Brian Stiller and the Canadian presence in the World Evangelical Alliance

By Flyn Ritchie

 

Last month, I attended the World Evangelical Alliance (WEA) General Assembly in Indonesia, and discovered that the movement is thriving. But that hasn’t always been the case – and Canadians have played a major role in its renewal.

Brian Stiller, in particular, has led the way. He was called up to the main stage on the last evening of the gathering, and WEA leaders affirmed his role with a special award, describing him as “the best General Secretary we never had.”

Stiller is now Global Ambassador for the WEA, but his involvement stretches back over decades, while he was leading major initiatives in Canada.

 

Find a broken wall
Stiller was raised as a Pentecostal on the prairies. He told me, when we had a chance to chat at the General Assembly, that as a young man, “my goal was to be a great preacher,” a travelling evangelist – but that he didn’t have much success on that front.

After building up Youth for Christ for several years back east, he experienced something of a revelation. He had been invited to pastor Christian Life Assembly in Langley when he read some passages about Nehemiah rebuilding Jerusalem, which spoke directly to him.

Ever since that time, he has sought to “find a broken wall,” working to restore key institutions that are under threat. He built up the Evangelical Fellowship of Canada (the EFC is a National Alliance of the WEA).

 

The EFC describes his impact on its history page:
“Stiller became the first executive director of the EFC in the spring of 1983 and quickly transformed the organization, building its individual membership to 17,000 and expanding its budget. By the time he left in 1997 the budget had grown from about $60,000 a year to more than $3 million.

“The fellowship also began to take its place in Canadian society. For Stiller, a key goal was to help evangelicals understand the role they could have in engaging the public and government. “We had so long vacated that role,” he says. To that end he developed a seminar called Understanding Our Times and took it across the country.

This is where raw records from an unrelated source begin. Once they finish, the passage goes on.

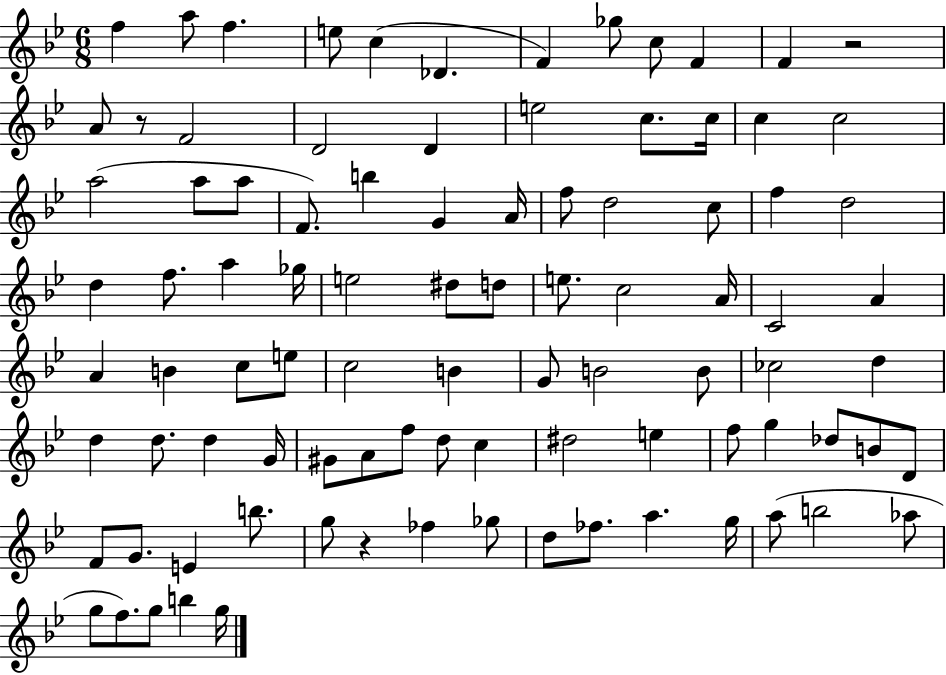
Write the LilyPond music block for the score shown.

{
  \clef treble
  \numericTimeSignature
  \time 6/8
  \key bes \major
  \repeat volta 2 { f''4 a''8 f''4. | e''8 c''4( des'4. | f'4) ges''8 c''8 f'4 | f'4 r2 | \break a'8 r8 f'2 | d'2 d'4 | e''2 c''8. c''16 | c''4 c''2 | \break a''2( a''8 a''8 | f'8.) b''4 g'4 a'16 | f''8 d''2 c''8 | f''4 d''2 | \break d''4 f''8. a''4 ges''16 | e''2 dis''8 d''8 | e''8. c''2 a'16 | c'2 a'4 | \break a'4 b'4 c''8 e''8 | c''2 b'4 | g'8 b'2 b'8 | ces''2 d''4 | \break d''4 d''8. d''4 g'16 | gis'8 a'8 f''8 d''8 c''4 | dis''2 e''4 | f''8 g''4 des''8 b'8 d'8 | \break f'8 g'8. e'4 b''8. | g''8 r4 fes''4 ges''8 | d''8 fes''8. a''4. g''16 | a''8( b''2 aes''8 | \break g''8 f''8.) g''8 b''4 g''16 | } \bar "|."
}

“Under Stiller, the EFC became a more visible presence. ‘What became obvious to me was that evangelicals were looking for a voice,’ he recalls, ‘a voice to government and a voice to media.’”

 

Tyndale University College and Seminary
Stiller then took on a new role, becoming president of Ontario Bible College and Seminary (now Tyndale University College and Seminary).
From the Tyndale site:

“In 1997, Brian became President of Tyndale University College & Seminary and led the school through major restructuring. During his tenure Tyndale received university status from the Ontario Government, a 56-acre campus was purchased, and a major capital drive lifted the school into a new era of growth. In 2009 Stiller retired from his presidency. After serving as Chancellor for a year, he was named president of the Tyndale Foundation, where he served for two years [raising $44 million for the purchase of a new campus and $8 million for endowed chairs].”

 

Evangelical Fellowship of Canada
It was during his tenure at the Evangelical Fellowship of Canada that Stiller first became involved with the WEA. During the award presentation at the General Assembly, WEA stalwart, John Langlois, referred to a critical intervention by Stiller in the 1980s. David Howard, who led the WEA for a decade, had said the organization was not going to survive:
Brian saved the World Evangelical Alliance that day; when David Howard said the World Evangelical Alliance was folding, Brian called to encourage and said, ‘I’m with you all the way.’

 

Global Ambassador
Since 2011, Stiller – who is now 78 years old – has been travelling around the world on behalf of the WEA and writing about what he has found along the way.
Here is how he has described the experience:

“. . . I’ve had this extraordinary privilege of serving as Global Ambassador for the World Evangelical Alliance. This calling has led us to some interesting and tough places.
“It began with a trip to Somalia. Protected by a warlord – five soldiers and a truck – they guarded me as I visited refugee camps, examining the safety and viability of Christian aid groups being able to get back into this lawless land. All the while they kept an eye out for al-Shabaab, the terrorist group.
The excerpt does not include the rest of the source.